## Work order:
Would you write out the listing verbatim and skip every picture in it?

## Supplied information:

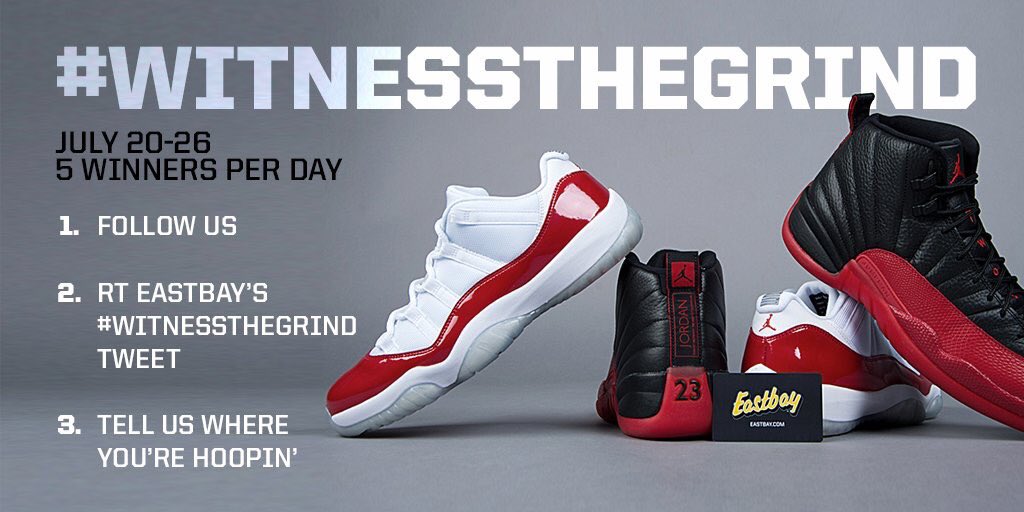 eds213's tweet photo. @Eastbay #WitnessTheGrind @ My nephew's ball tourney, Rancho HS Las Vegas https://t.co/eSkZ4yqoXs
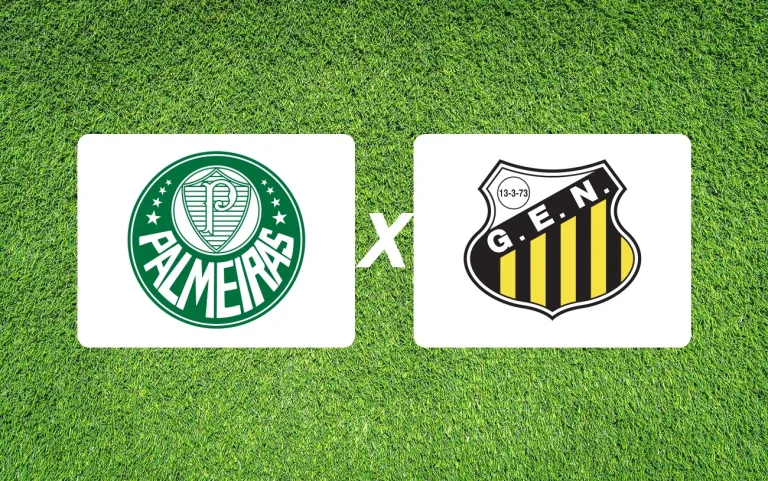 Palmeiras x Novorizontino Onde Assistir, horário e palpite: final do Campeonato Paulista começa na Arena Barueri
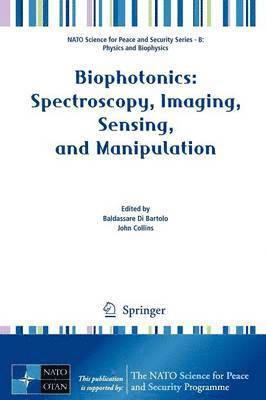 bokomslag Biophotonics: Spectroscopy, Imaging, Sensing, and Manipulation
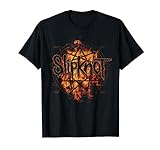 Slipknot Snuff Flames T-Shirt T-Shirt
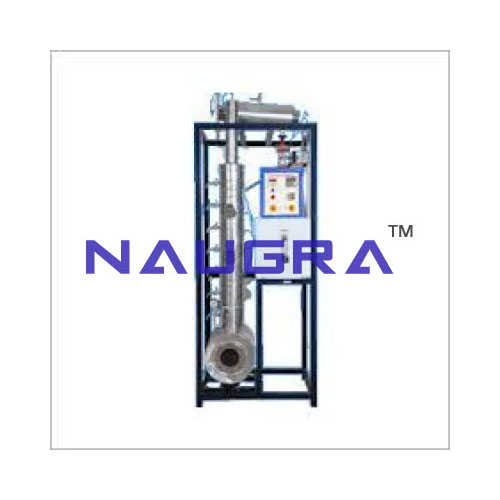 Sieve Plate Distillation Column Manufacturers India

## Task answer:
 eds213's tweet photo. @Eastbay #WitnessTheGrind @ My nephew's ball tourney, Rancho HS Las Vegas https://t.co/eSkZ4yqoXs
 Palmeiras x Novorizontino Onde Assistir, horário e palpite: final do Campeonato Paulista começa na Arena Barueri
 bokomslag Biophotonics: Spectroscopy, Imaging, Sensing, and Manipulation
 Slipknot Snuff Flames T-Shirt T-Shirt
 Sieve Plate Distillation Column Manufacturers India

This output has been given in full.